Collaboration

An assortment of stacked Hanabi.

 In the latest 2011 annual juried issue of Letter Arts Review, 25:2, my work was pictured on page 37. The work, Hanabi, in Black and White, was a collaborative effort with an origami artist, Kathy Schilmoeller.

The Hanabi stretches slightly to fit around a wrist or in this case Mr. Bix’s neck. 

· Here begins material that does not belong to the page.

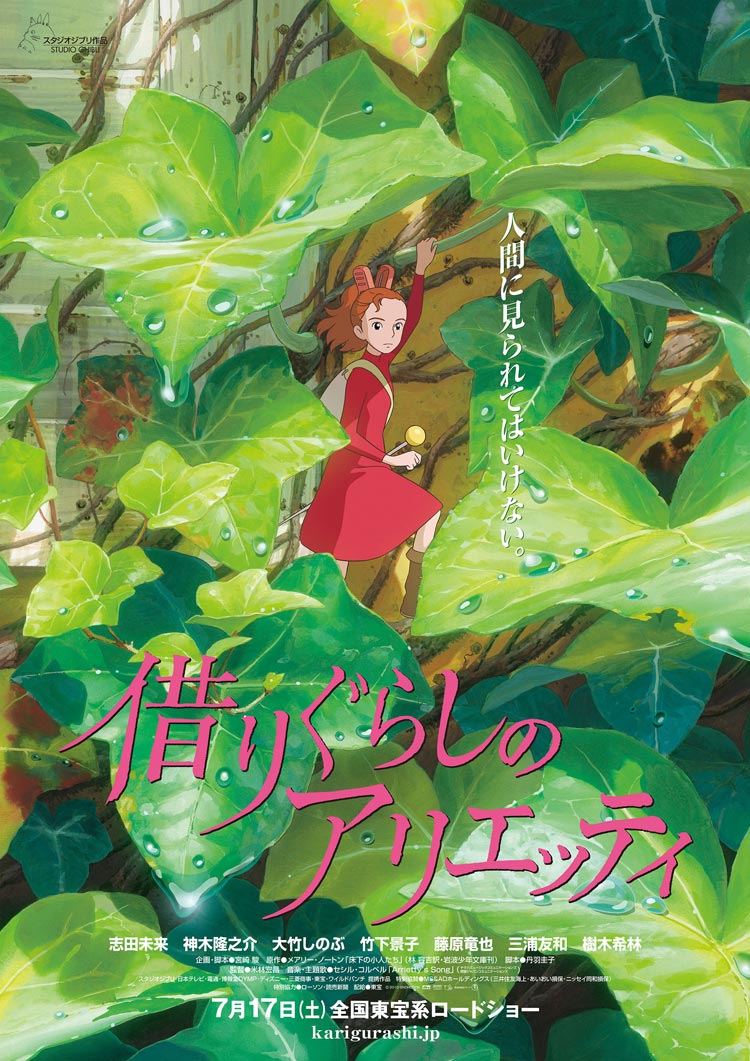 Cartel de Arrietty y el mundo de los diminutos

The Japanese word ‘hanabi’ means flower fire.  These structures measure 3 by 6 inches (h x w). Kathy learned this structure at a workshop taught by origami artist, Yami Yamauchi. The structure is made from 12 individual 6 inch square, identically folded pieces of paper, which are held together by linking the folds of each paper. The structure sits comfortably in the hand and works like an interactive toy. Even though made of paper the hanabi is flexible and strong enough to turn inside out. A new design is revealed at every pause in the movement of the ring.

  

A career as an artist/craftsman can be a solitary endeavor. Working with others or collaboratively gives one an opportunity to share ideas, goals, and problem solve collectively. The definition of collaboration is to work jointly on an activity, especially to produce or create something. Communication is key in collaborations beginning with setting clear process goals.

After discussing the initial idea for using my calligraphic papers to make hanabi Kathy and I worked separately.  Over several months Kathy brought completed hanabi to my studio to assess the success of each particular paper used. We discussed which lettering design created the most exciting hanabi and Kathy spoke about which papers folded easily. Our next goal in the project goal is to create an edition of hanabi, which will contain a legible text.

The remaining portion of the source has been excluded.